§ Assignment: Within the records below, find each line with the word "闪购商品" and copy it out.

§ Input data:
=== Begin Enclosure ===

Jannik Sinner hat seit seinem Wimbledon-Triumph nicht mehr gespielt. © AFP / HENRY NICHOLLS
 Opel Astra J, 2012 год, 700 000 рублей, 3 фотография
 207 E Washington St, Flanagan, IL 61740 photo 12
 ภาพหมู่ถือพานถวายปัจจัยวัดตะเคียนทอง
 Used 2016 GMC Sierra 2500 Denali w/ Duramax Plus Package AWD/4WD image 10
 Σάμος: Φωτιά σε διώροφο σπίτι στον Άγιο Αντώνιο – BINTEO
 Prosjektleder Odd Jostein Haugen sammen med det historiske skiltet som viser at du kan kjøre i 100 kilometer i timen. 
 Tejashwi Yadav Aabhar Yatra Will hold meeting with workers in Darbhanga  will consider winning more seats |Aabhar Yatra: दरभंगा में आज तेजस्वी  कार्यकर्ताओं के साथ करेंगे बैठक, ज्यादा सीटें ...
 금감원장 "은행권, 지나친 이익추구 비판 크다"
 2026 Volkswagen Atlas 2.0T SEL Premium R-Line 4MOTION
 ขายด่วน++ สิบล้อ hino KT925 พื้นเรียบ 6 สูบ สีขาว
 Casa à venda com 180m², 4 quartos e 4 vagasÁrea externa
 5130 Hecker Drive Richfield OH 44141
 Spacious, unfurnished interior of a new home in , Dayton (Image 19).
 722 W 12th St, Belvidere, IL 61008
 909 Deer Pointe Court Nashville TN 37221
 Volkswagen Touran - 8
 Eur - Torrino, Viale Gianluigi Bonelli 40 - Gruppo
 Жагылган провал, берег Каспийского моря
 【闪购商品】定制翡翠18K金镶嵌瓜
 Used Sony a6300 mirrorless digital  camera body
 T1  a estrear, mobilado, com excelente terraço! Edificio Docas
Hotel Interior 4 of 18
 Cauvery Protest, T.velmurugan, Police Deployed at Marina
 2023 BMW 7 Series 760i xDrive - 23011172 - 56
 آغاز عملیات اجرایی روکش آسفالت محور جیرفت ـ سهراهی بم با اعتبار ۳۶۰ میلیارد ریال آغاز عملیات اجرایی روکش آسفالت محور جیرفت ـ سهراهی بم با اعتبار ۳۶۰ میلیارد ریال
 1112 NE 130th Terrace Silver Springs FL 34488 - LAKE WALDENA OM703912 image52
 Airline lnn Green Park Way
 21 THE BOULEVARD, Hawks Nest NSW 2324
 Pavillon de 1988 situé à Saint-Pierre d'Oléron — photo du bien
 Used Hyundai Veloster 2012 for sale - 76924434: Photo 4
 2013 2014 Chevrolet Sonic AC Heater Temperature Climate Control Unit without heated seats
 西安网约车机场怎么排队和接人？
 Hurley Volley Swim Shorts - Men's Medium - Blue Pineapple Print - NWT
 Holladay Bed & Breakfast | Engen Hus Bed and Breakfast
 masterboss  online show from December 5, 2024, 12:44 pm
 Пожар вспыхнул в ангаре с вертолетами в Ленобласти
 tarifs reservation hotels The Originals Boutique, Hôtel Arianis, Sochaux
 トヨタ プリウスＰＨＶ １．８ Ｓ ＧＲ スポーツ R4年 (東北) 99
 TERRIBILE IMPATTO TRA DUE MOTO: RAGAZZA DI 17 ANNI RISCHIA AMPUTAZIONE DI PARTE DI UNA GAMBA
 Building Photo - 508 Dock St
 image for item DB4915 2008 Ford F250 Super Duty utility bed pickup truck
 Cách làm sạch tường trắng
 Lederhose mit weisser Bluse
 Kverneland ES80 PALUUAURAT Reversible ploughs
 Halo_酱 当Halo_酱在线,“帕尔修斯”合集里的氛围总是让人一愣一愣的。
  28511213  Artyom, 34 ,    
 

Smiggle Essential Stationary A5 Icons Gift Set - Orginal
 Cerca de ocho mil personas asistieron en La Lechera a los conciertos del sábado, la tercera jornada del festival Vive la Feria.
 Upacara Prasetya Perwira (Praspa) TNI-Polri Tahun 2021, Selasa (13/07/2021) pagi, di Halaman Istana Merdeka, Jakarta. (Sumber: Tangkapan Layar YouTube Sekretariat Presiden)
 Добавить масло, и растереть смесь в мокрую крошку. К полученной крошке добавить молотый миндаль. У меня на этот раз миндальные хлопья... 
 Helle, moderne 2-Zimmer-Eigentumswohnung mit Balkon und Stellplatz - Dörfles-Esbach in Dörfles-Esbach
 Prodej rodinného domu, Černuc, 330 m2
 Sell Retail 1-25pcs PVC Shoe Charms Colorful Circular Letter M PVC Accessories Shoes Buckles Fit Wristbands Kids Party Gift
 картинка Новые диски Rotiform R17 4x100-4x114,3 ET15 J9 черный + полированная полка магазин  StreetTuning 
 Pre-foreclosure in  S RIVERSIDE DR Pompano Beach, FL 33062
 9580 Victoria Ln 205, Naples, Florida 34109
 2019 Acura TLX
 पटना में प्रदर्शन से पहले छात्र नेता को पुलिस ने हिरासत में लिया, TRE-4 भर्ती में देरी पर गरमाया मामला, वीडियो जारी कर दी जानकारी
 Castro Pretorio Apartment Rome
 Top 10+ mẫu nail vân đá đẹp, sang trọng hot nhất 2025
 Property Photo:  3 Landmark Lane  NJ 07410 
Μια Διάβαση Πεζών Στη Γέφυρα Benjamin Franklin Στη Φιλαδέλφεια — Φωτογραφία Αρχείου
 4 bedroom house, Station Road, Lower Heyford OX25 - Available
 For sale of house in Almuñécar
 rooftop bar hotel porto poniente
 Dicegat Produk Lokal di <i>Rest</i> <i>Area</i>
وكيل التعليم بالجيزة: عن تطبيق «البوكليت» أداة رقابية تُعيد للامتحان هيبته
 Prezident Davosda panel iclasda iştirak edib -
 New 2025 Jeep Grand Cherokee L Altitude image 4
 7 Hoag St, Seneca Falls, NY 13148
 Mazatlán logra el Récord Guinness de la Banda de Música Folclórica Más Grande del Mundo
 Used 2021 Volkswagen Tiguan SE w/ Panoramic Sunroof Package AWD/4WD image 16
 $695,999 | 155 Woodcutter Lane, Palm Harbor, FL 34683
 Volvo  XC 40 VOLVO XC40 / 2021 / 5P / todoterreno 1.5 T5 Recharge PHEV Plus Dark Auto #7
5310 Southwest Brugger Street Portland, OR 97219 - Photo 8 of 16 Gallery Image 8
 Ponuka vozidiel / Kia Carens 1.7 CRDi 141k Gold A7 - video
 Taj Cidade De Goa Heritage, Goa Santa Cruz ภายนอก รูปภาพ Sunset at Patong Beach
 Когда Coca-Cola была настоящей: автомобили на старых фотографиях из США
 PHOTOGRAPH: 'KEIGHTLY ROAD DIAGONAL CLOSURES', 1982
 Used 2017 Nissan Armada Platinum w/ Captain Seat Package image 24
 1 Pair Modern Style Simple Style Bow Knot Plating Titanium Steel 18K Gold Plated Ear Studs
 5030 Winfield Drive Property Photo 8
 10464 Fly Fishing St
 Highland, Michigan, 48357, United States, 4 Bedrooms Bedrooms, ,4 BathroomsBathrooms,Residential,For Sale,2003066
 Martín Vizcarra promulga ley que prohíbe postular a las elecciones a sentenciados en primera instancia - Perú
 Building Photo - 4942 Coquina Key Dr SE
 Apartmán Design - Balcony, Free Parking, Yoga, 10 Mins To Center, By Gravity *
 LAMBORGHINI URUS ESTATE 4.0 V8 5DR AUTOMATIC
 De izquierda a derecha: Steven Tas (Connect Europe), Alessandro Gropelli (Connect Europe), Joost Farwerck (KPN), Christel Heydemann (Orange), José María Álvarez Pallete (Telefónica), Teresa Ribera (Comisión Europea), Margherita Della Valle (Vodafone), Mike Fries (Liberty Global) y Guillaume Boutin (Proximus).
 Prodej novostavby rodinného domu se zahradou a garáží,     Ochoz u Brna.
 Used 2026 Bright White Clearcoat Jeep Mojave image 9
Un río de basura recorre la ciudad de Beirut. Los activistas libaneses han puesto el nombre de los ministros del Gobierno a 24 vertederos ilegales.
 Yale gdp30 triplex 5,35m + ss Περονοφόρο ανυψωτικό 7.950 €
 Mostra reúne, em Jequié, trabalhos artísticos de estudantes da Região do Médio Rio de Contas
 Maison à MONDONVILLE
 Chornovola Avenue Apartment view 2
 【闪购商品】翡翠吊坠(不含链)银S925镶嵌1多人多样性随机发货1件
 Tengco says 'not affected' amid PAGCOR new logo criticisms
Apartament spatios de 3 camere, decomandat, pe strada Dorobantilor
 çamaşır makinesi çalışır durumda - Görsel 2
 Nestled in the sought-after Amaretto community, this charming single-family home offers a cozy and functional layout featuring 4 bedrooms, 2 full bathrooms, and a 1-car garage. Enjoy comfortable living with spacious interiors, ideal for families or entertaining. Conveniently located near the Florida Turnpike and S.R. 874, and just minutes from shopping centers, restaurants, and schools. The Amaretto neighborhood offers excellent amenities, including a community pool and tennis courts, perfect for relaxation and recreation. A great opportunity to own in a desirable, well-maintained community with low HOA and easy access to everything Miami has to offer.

=== End Enclosure ===

§ Reply:
 【闪购商品】定制翡翠18K金镶嵌瓜
 【闪购商品】翡翠吊坠(不含链)银S925镶嵌1多人多样性随机发货1件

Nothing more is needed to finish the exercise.